[Captioned web image data]
------------------------------------------------------------

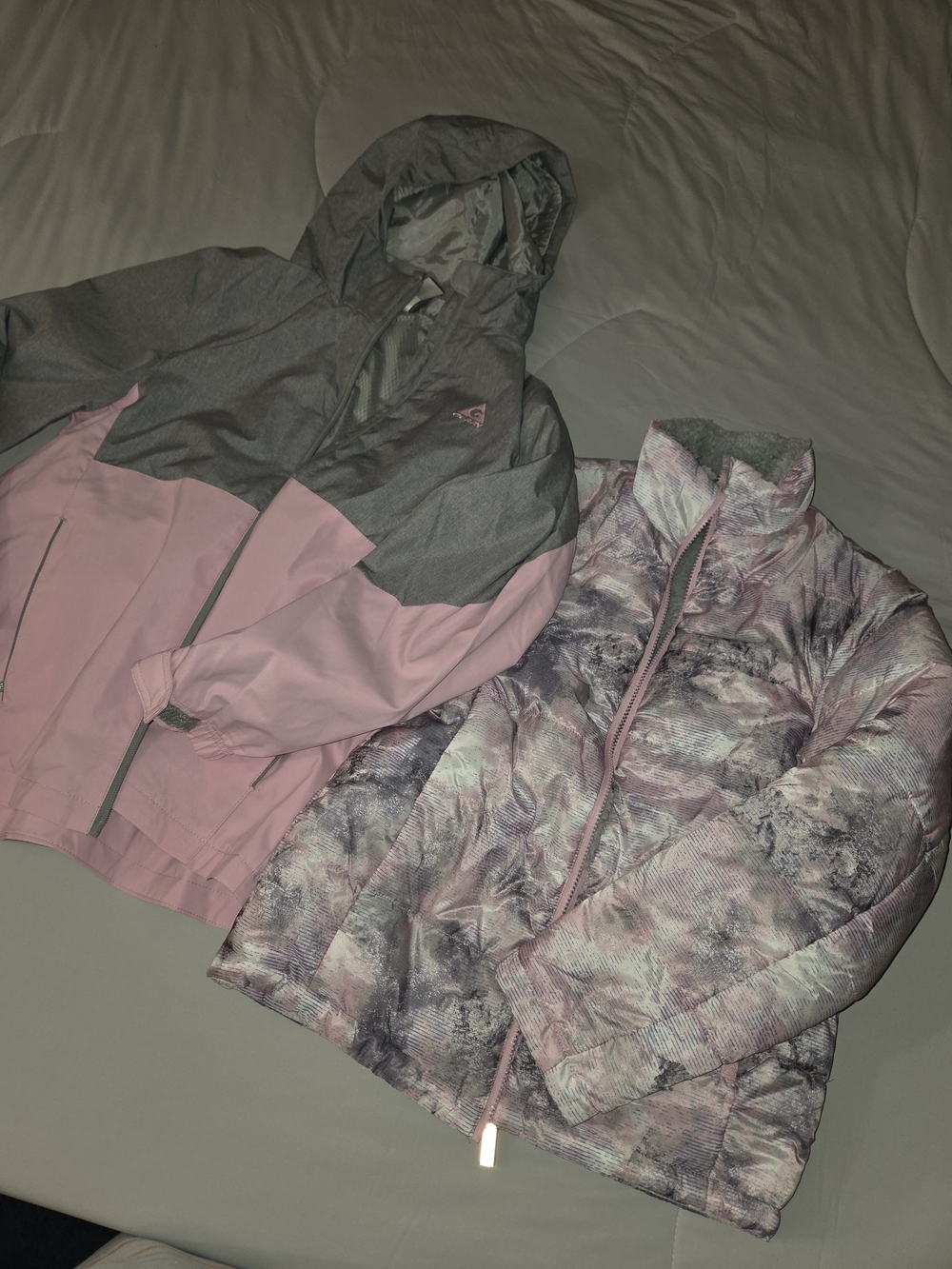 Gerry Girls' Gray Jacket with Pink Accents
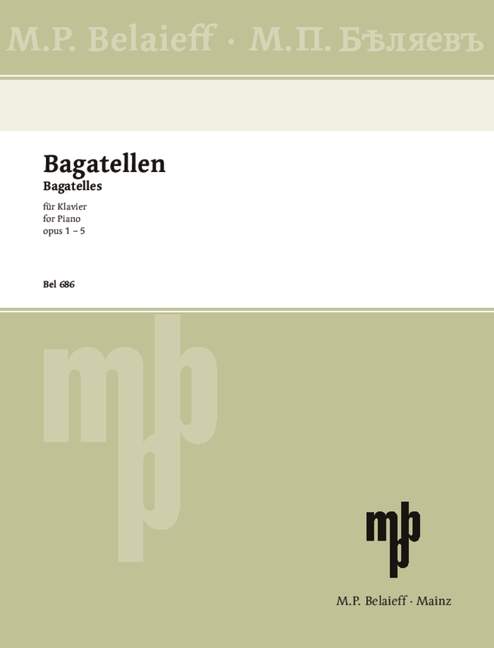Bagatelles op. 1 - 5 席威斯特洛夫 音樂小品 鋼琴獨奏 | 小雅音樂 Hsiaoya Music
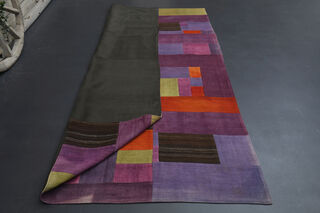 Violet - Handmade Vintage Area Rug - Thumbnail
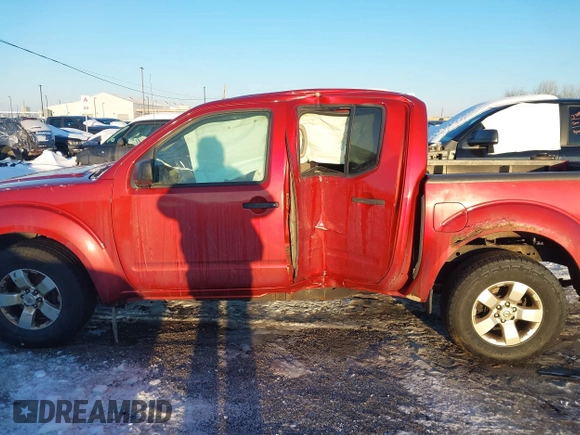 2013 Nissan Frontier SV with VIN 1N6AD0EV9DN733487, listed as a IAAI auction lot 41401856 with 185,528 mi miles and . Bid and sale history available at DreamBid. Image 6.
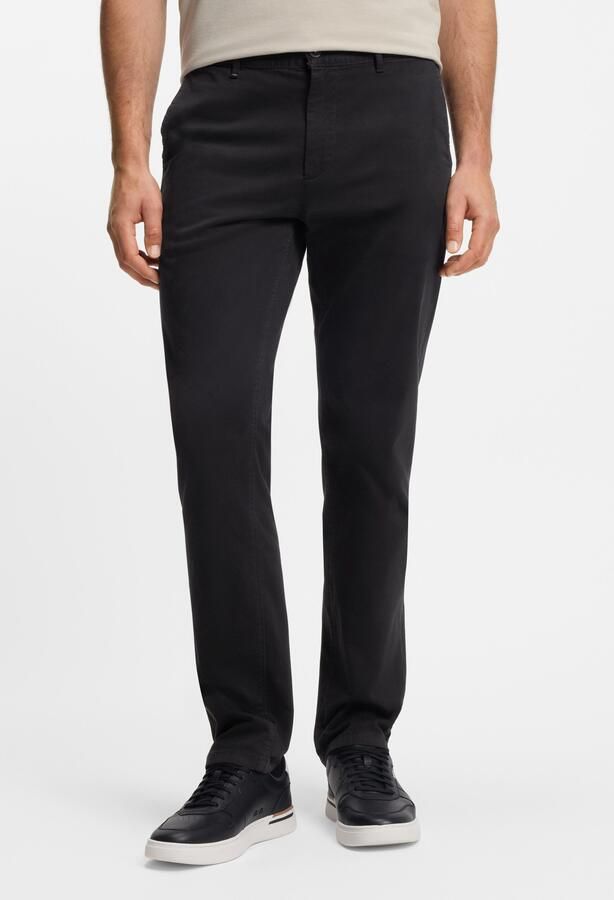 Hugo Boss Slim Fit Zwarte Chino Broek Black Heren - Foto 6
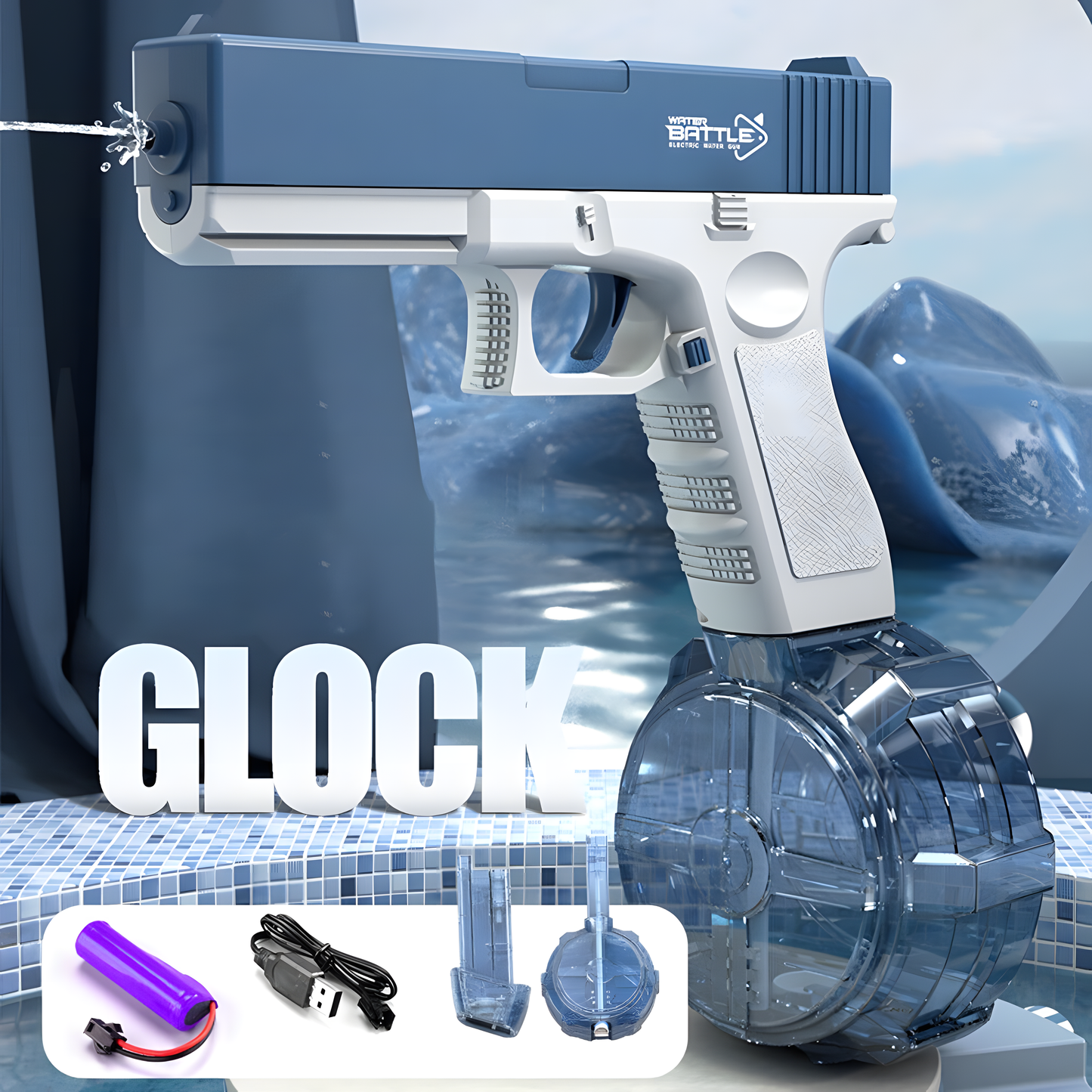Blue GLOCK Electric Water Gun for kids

------------------------------------------------------------

* _What to do_
Reproduce exactly, with every picture left out, the lines from the one that contains "Hugo Boss Slim" to the final line of the records above.

* _Answer box_
 Hugo Boss Slim Fit Zwarte Chino Broek Black Heren - Foto 6
Blue GLOCK Electric Water Gun for kids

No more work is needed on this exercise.